Guyanese believed that the US would have reciprocated with visa revocation. We know now from the joint press conference of the US Ambassador and Dr Roger Luncheon that there isn’t going to be a tit for tat.
We will not know if the Ambassador himself wanted to retaliate and he sought advice from Washington D.C. We don’t know if the State Department advised against it. We can only speculate why the US didn’t want the visa fight. One reason could be that the experts in Washington felt that the visa battle could have made the Guyana Government look good in the eyes of the world, in that the PPP would have gone crying to international bodies and people would have asked how could the US fight a little, obscure country that no one in the world knows about.

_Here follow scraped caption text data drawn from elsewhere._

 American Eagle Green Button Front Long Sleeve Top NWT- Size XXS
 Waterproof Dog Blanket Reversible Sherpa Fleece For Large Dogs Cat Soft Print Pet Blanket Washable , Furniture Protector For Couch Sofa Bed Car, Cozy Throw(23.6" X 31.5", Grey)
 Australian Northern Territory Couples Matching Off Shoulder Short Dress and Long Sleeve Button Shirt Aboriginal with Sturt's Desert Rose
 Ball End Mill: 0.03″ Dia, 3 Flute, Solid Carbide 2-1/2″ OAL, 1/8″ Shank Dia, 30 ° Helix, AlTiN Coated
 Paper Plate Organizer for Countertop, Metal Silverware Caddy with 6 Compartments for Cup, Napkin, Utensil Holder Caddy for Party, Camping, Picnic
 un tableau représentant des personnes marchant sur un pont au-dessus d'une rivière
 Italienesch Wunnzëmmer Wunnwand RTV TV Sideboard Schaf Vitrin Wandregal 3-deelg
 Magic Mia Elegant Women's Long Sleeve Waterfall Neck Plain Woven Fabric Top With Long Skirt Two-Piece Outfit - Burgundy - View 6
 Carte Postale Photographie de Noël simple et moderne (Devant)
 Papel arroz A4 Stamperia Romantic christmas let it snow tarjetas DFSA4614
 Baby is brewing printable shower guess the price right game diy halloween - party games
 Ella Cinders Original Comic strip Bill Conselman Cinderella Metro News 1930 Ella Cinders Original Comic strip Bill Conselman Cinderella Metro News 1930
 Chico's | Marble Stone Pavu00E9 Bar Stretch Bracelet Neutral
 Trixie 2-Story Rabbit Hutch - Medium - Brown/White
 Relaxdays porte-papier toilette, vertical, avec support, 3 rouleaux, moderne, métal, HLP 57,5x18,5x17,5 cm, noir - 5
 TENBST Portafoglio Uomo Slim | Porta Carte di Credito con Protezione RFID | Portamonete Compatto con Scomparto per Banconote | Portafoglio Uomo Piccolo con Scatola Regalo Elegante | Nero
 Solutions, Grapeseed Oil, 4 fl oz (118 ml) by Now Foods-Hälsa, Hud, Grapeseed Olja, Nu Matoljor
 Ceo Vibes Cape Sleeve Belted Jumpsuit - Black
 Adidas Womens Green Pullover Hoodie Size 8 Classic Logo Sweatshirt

One suspects that the US just didn’t want to get into a spat with a country that it has no interest in, either in terms of investments or geopolitics. Had the US Embassy issued visa abrogation, the fallout would have seriously undermined the power of the PPP Government.
The rich and powerful who keep the PPP Government alive would have put serious pressure on Ramotar and company to make peace with the US. The PPP knows that once it endangers the financial well-being of the nouveau riche, socialites, bling bling followers, wannabes and billionaires that support it, then that is a slippery road.
The US Embassy has put on hold the LEAD programme commonly referred to as the democracy project. There will be no visa retaliation. Mr. Bradbury does not have to pack his bags. The question then is who won? To all Guyanese it is the PPP, since the PPP leadership was fanatical in its quest to get the project stopped and when it could not, asked for it to be re-shaped. Now that the enterprise has been put in suspension, it is logical to conclude that the PPP won.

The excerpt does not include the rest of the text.